━━ Data for the task

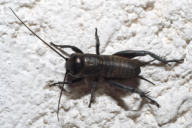 Gryllus campestris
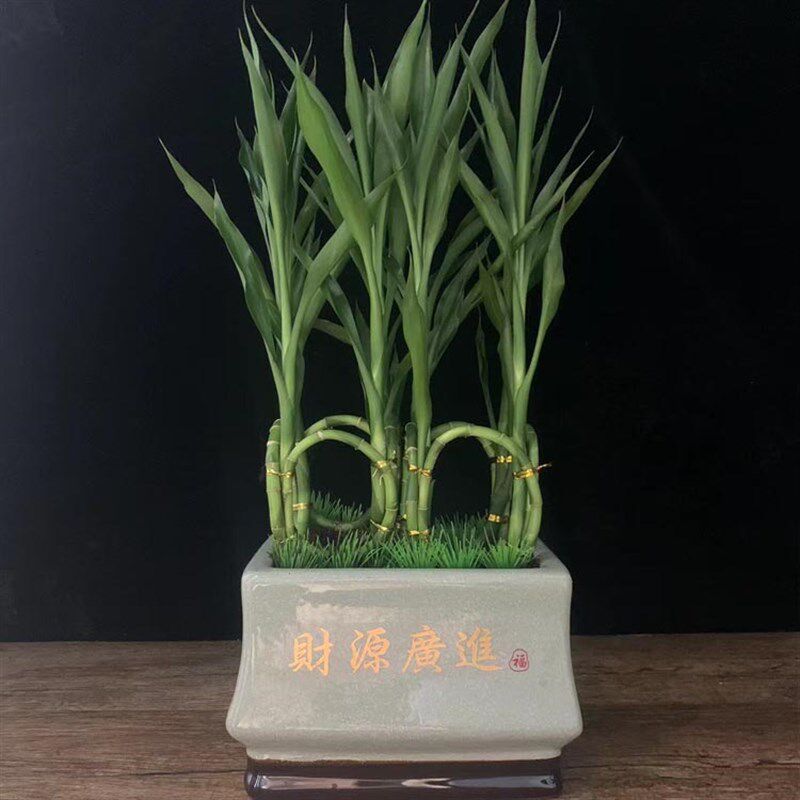 招财竹盆栽室内办公客厅高档造型富贵竹盆景前台桌面植物转运绿植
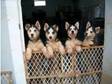 lovely siberian husky puppies fo x-mass home. blk/wht....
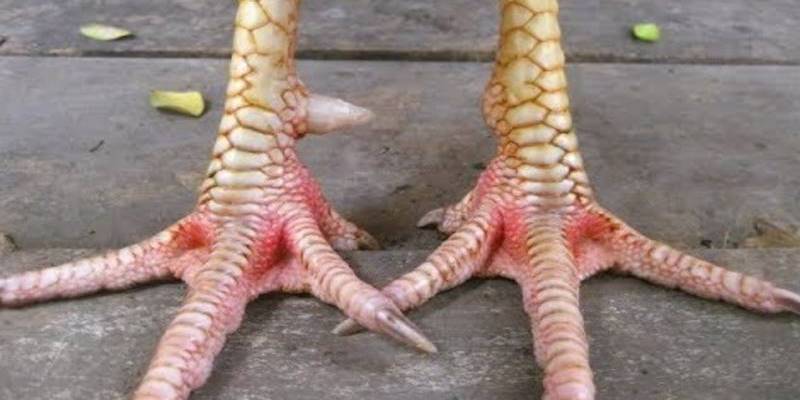 Tổng quan thông tin về vảy vấn cán hoành khai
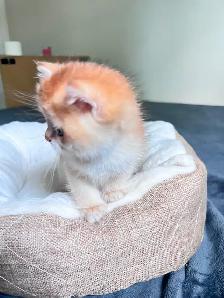 British Shorthair Boys /Black&Blue Golden Chinchilla/ TICA - Photo 7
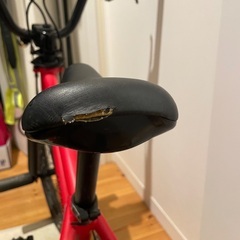 ARES BIKES STN 16インチ レッドの画像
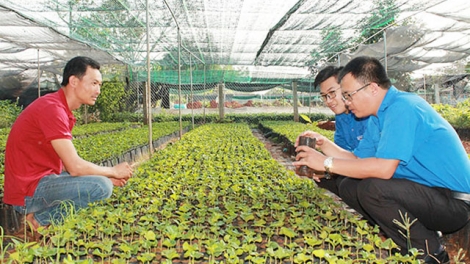 Hợp tác xã thanh niên khởi nghiệp- làn gió mới trong phát triển hợp tác xã (31/7/2019)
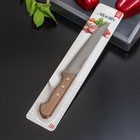 Нож для мяса и стейков Atlantik, лезвие 20 см, цвет коричневый - фото 54723835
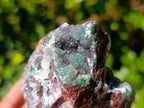 Natural Drusy Coated Ball Malachite Specimens x 2 From Lupoto Mine, Congo - Toprock Gemstones and Minerals 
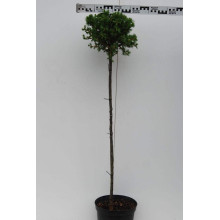 Модрина європейська Корнік | Larix decidua Kornik | Лиственница европейская Корник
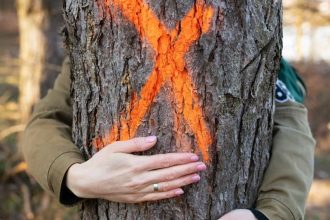 Jeune fille étreignant un arbre marqué de peinture orange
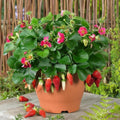 Fragaria x ananassa 'Tristan'  - Tristan Strawberry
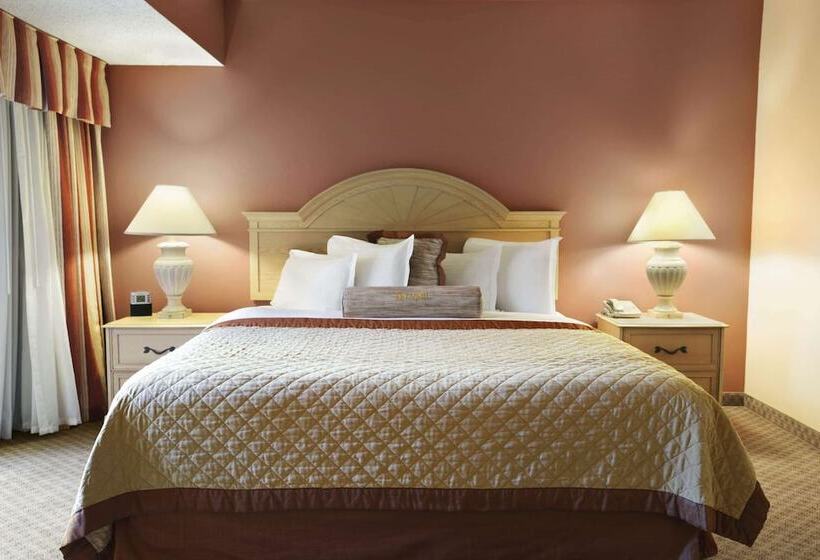 Quarto Estandar 2 Camas Casal, Wyndham El Paso Airport  And Water Park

━━━━

In your reply, please print exactly the lines from the one with "Jeune fille étreignant" through the final line of the listing above, both included, and no pictures.

* _Result_:
 Jeune fille étreignant un arbre marqué de peinture orange
 Fragaria x ananassa 'Tristan'  - Tristan Strawberry
 Quarto Estandar 2 Camas Casal, Wyndham El Paso Airport  And Water Park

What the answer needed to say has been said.